Informedness (also known as Youden's J statistic) serves as the primary evaluation metric. It ranges from $-1$ (perfectly inverse predictions) through $0$ (chance-level performance) to $+1$ (perfect detection), making it robust against class imbalance — a critical property for satellite detection where objects occupy a tiny fraction of the sensor's field of view.

Object-Level Evaluation

Centroid matching: a predicted detection is a true positive if its centroid falls within a spatial tolerance (default: 1 pixel) of the ground-truth satellite centroid. This protocol computes precision, recall, F1, and informedness at the object level, independent of segmentation mask quality.

Pixel-Level Evaluation

Binary classification of every pixel with 1-pixel spatial tolerance. Useful for assessing the quality of saliency maps produced by the SNN before the HULK-SMASH post-processing stage.

Running Evaluation

Volume-Based (Recommended)

python scripts/evaluate.py \
  --checkpoint checkpoints/best.pt \
  --data-root /path/to/EBSSA \
  --volume-based \
  --output results/metrics.json

Object-Level

python scripts/evaluate.py \
  --checkpoint checkpoints/best.pt \
  --data-root /path/to/EBSSA \
  --object-level \
  --output results/object_metrics.json

Threshold Sweep

To find the optimal inference threshold, run:

python scripts/threshold_sweep.py \
  --checkpoint checkpoints/best.pt \
  --data-root /path/to/EBSSA

Example output:

Threshold |  Sens  |  Spec  |  Info  | TP  | TN  | FP  | FN
----------|--------|--------|--------|-----|-----|-----|----
0.1       | 0.95   | 0.82   | 0.77   | ... | ... | ... | ...
0.5       | 0.91   | 0.90   | 0.81   | ... | ... | ... | ...
1.0       | 0.87   | 0.93   | 0.80   | ... | ... | ... | ...
...
Best threshold: X.X (informedness: Y.Y%)

Diagnostic Visualization

For per-sample visual inspection, the diagnose.py script produces a multi-panel diagnostic image:

python scripts/diagnose.py \
  --checkpoint checkpoints/best.pt \
  --data-root /path/to/EBSSA \
  --n-samples 5

This generates diagnostic_output.png with five columns per sample:

Input events — raw accumulated event frame
Ground truth — expert-annotated satellite region
Raw spikes — SNN output before post-processing
Scaled spikes + GT overlay — thresholded output with ground truth superimposed
Classification result — final TP/FP/FN/TN pixel classification

Cross-Validation

For robust performance estimation across different data splits:

python scripts/train_cv.py \
  --config configs/config.yaml \
  --n-folds 10 \
  --output-dir runs/cv

Reports mean $\pm$ standard deviation of informedness across folds.

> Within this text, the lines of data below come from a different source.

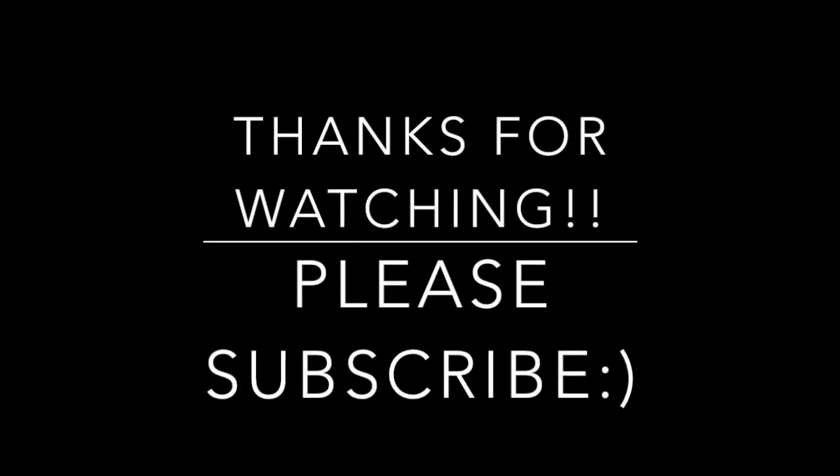Alright you guys, so this is the final look. I really hope you enjoyed this video. If you did, please give me a thumbs up and subscribe. I hope you guys all have a great week and thank you so much for watching. See you next time.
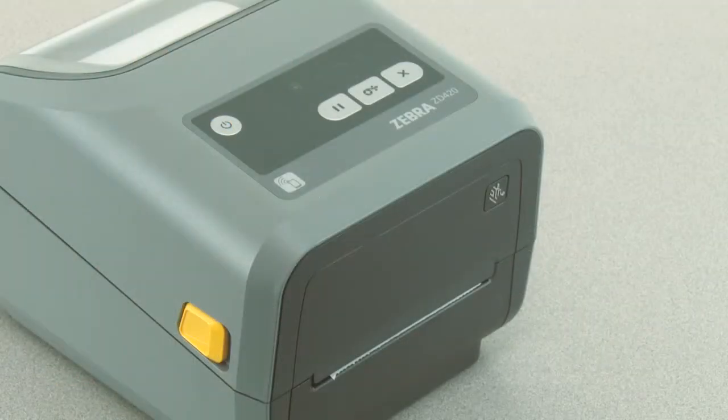In this tutorial you will learn how to perform a manual print with adjustment. Your media must be loaded and the printer powered on.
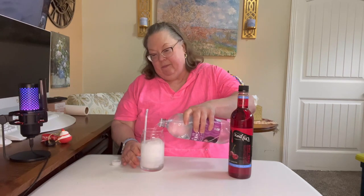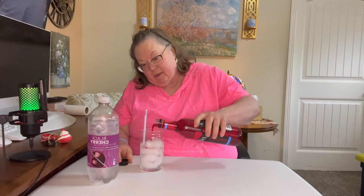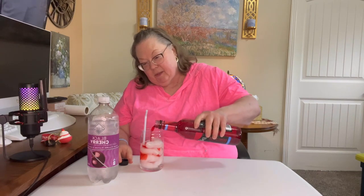So we're going to put some of that in there and open this up. She said you're supposed to put two pumps, but I'm not going back. So we'll just pump, pump.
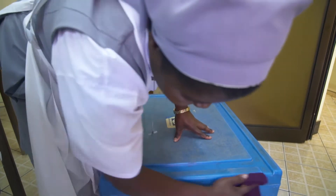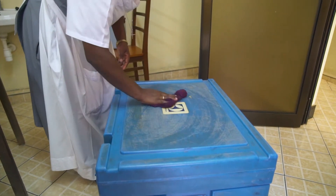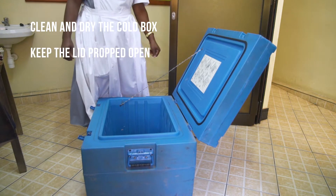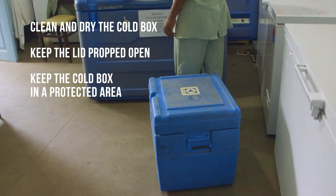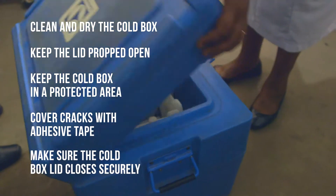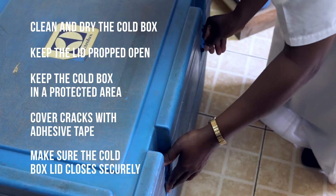After each use, remember to maintain your cold box so that it stays in good shape for the next time. Clean and dry the cold box. Keep the lid propped open. Keep the cold box in a protected covered area. If your cold box has a small crack, cover it with adhesive tape. Make sure the cold box closes well and that the hinge screws are secure.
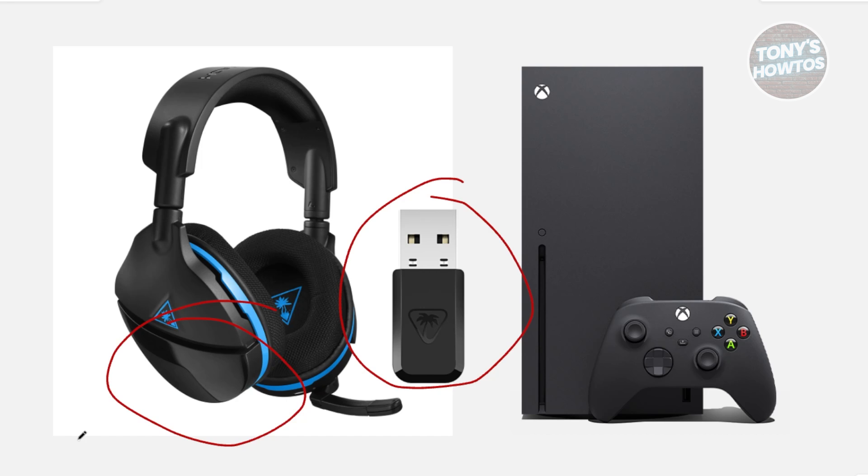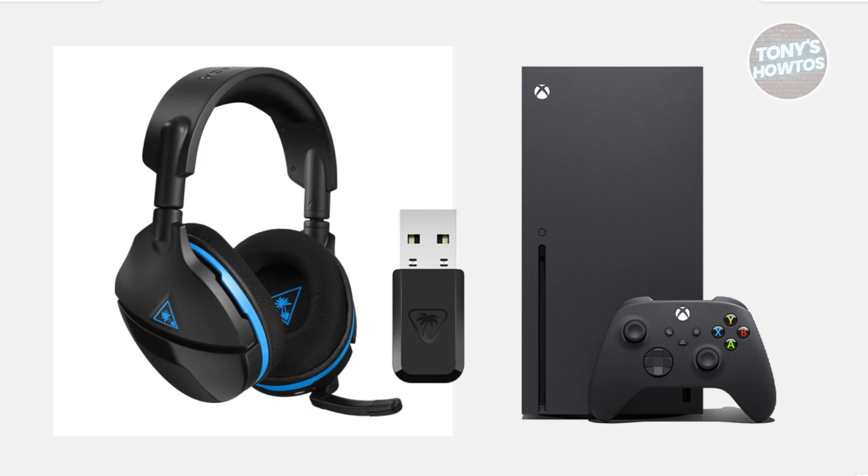But if that doesn't work, there's another way you could try, which is basically just resetting your headset. First, make sure the headset is powered on and plugged in. Press and hold the power button and the mode button at the same time — usually they're on this side here, so look for the power and mode button. Keep holding both buttons for about 30 to 40 seconds, then release them and check if the headset starts connecting properly. This reset can help fix glitches or pairing issues that sometimes block the connection.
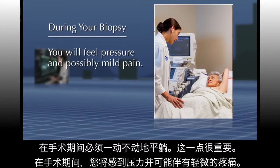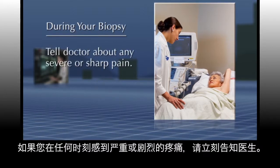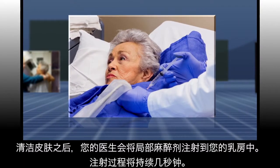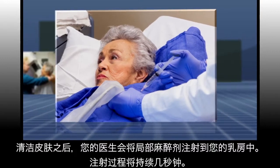You will feel pressure and possibly mild pain. If you feel severe or sharp pain at any time, let your doctor know. After cleaning your skin, your doctor will administer local anesthetic into your breast. This will sting for just a few seconds.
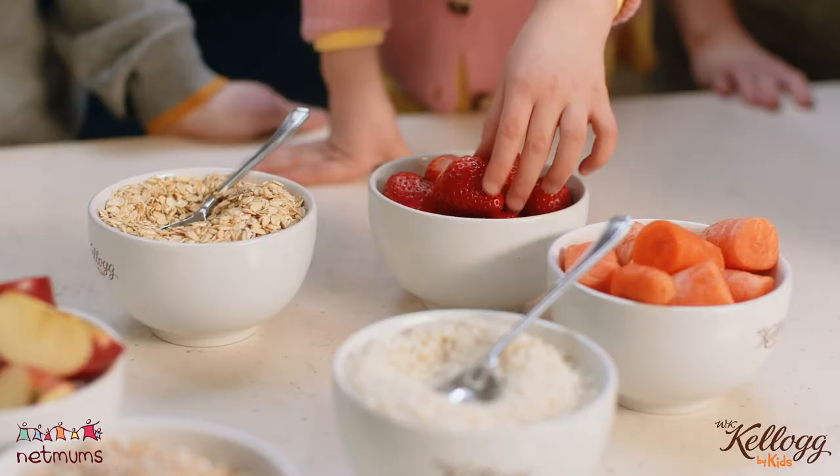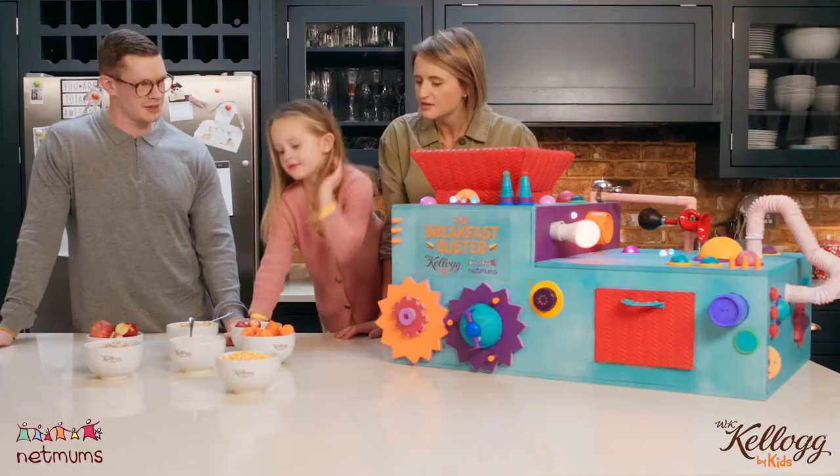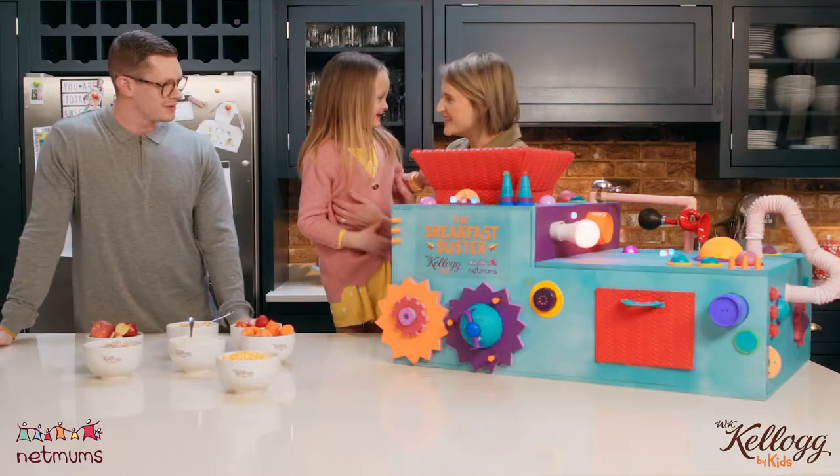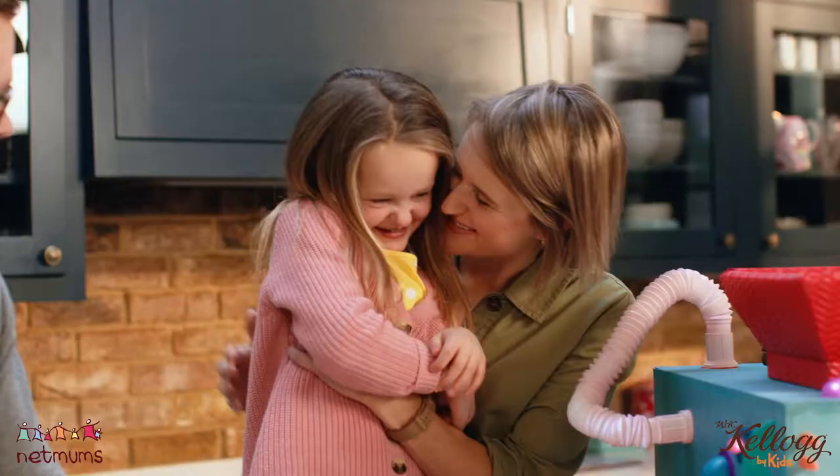What should we put in? Strawberry. Put some nice strawberries in there. Yeah, exactly. What about carrots? Yummy. I know, we could have some Giggles. What about some Giggles? We put that in there as well.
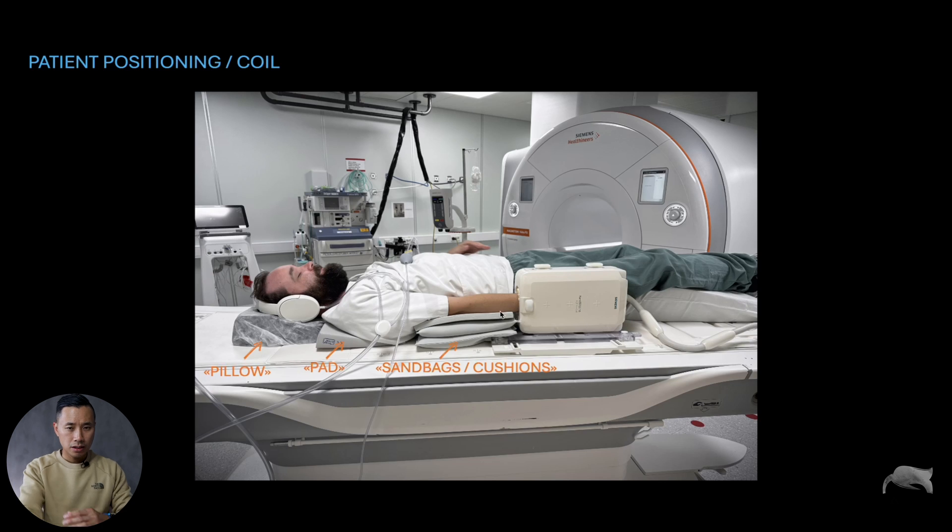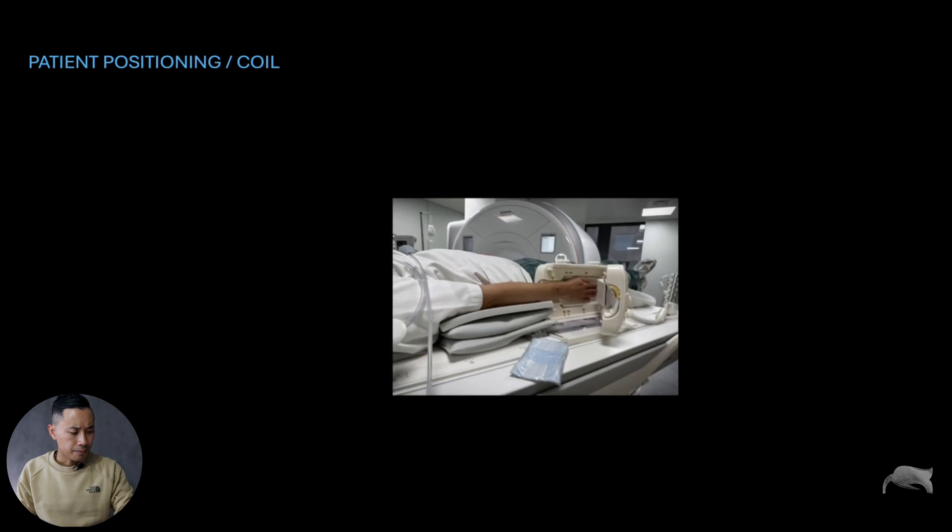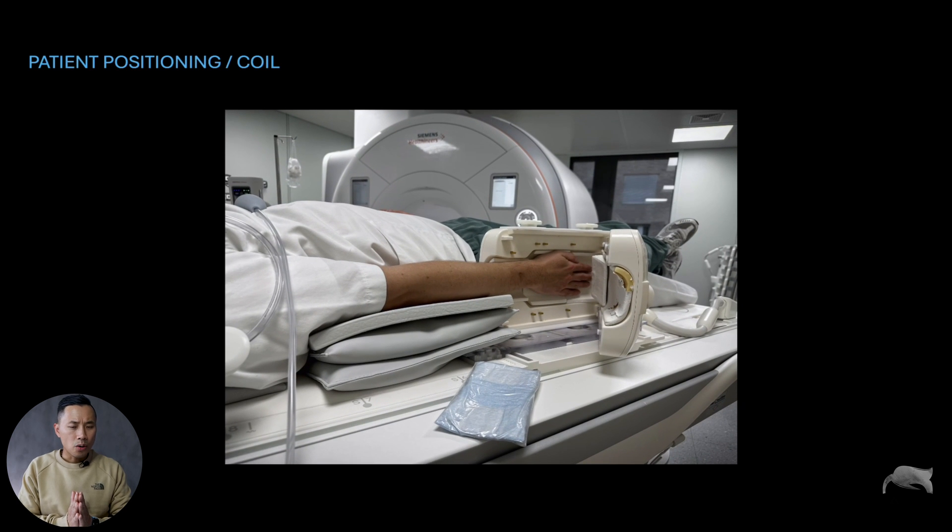We have some pads at the shoulder just to relieve pain, and most importantly the sandbags and cushion. You need to build the arm completely straight — 90 degrees straight with the wrist and fingers. You also have some cushions under the knee to relieve pain from the back. The other arm can go on the stomach or down to the side depending on patient size. Remember: do not let skin touch the bore due to MRI safety. Headphones, earplugs, and an alarm button should also be available.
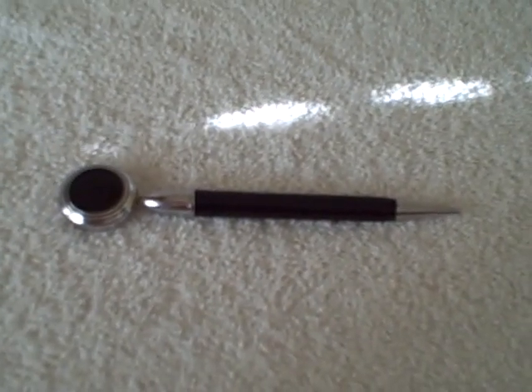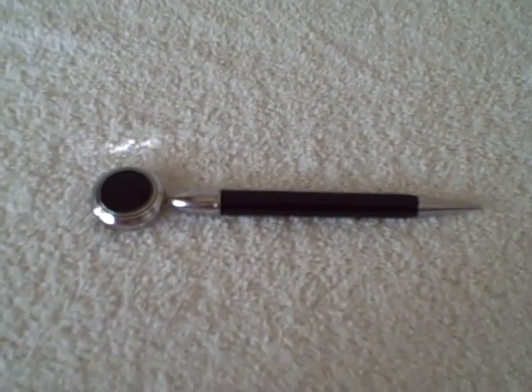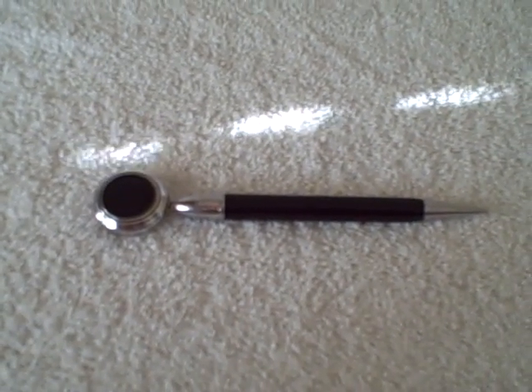I'm going to guess it's like 1930s, maybe 1940s, something like that. I don't know for sure, I'm not an expert. An old mechanical pencil, or pencil I should say. Looks like black onyx.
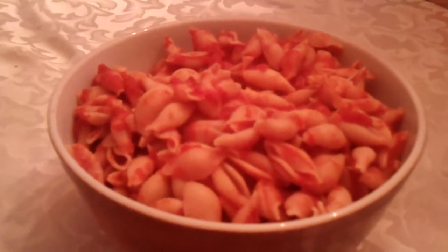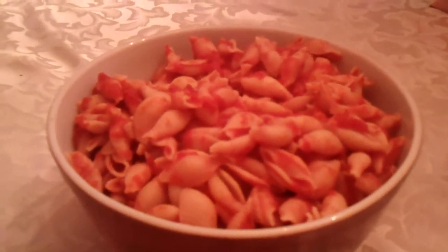Here's a side dish my mom always made. Really delicious. You take one box of medium-shell pasta, cook it, then drain it.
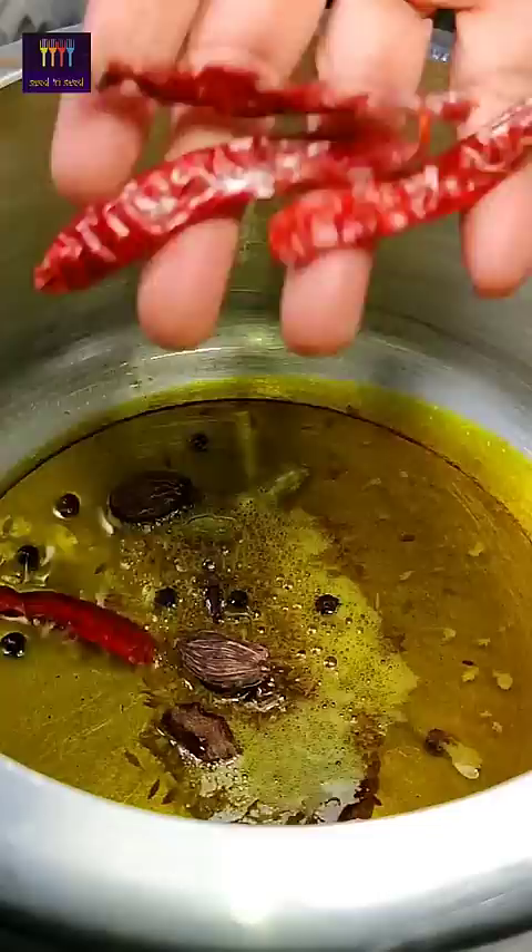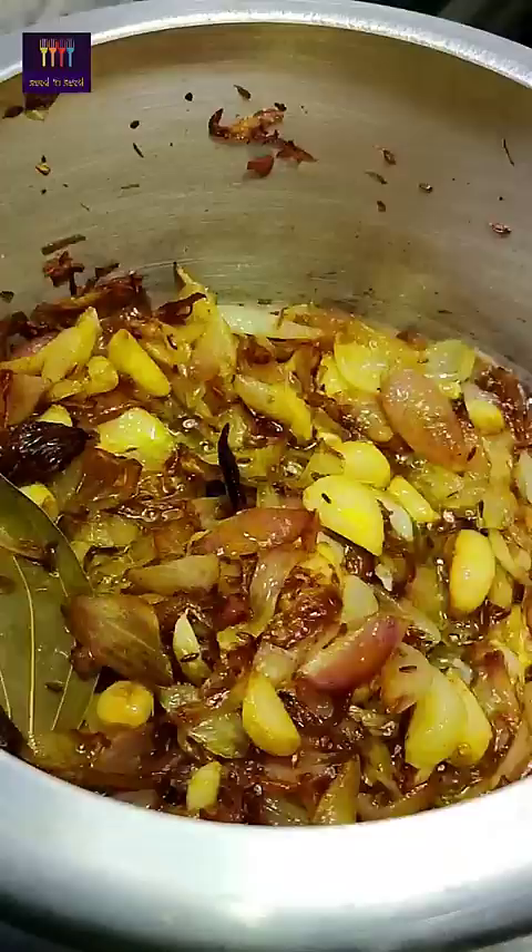Here we are adding 4 pieces of chicken. Now we are adding 1 inch ginger. This is 300 grams — we are adding 300 grams. We will add 1 tomato. We will add some sauce, a white powder, and a little powder.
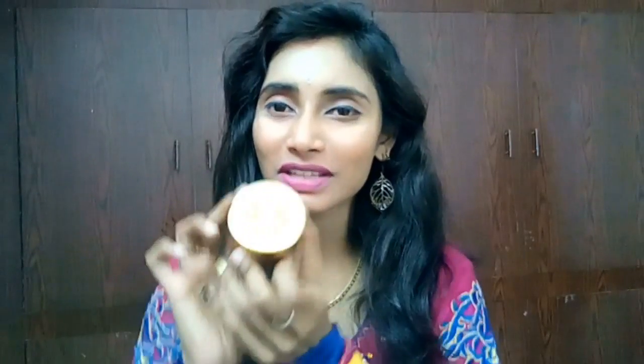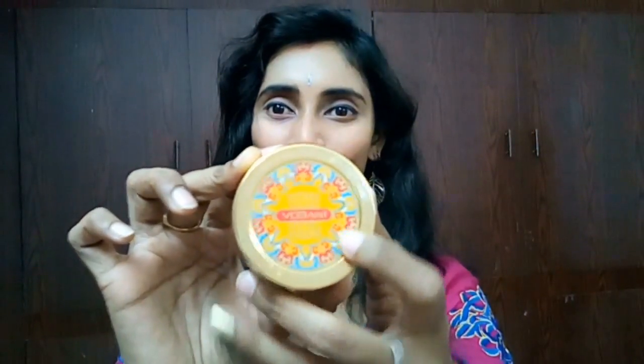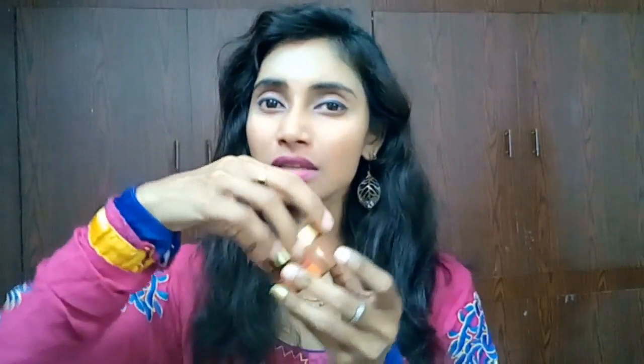I have the 50ml tub which costs 165 bucks. Coming to the body butter packaging, it came in a tub with a copper and gold combination metallic look. It looks so attractive, and you can see all Invita products have this logo and design — it's so pleasing, gives a rich feeling.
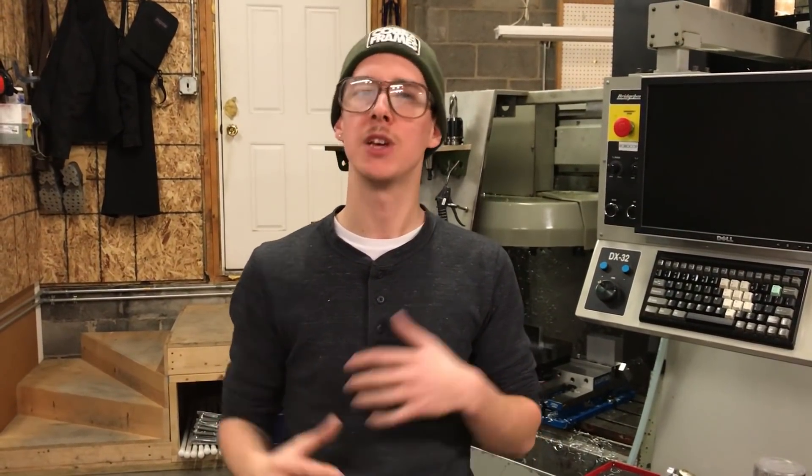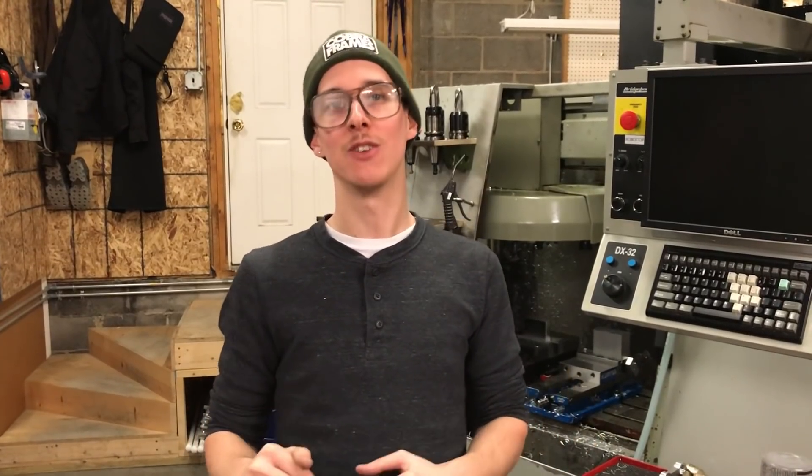I'm going to build a sick hardtail mountain bike frame in this shop — steel frame, TIG welded construction. I'm going to do videos that document every step of the process and explain why I'm doing what I'm doing. It's going to be totally awesome. You're going to want to hit that subscribe button right now so you don't miss a single video. Let's get this project kicked off.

See the Cross-Validation Guide for detailed instructions.

Limitations and Challenges

While SpikeSEG achieves state-of-the-art performance on the EBSSA dataset, several important limitations and open challenges remain. We discuss these transparently to guide future research and to set realistic expectations for deployment in operational Space Domain Awareness (SDA) systems.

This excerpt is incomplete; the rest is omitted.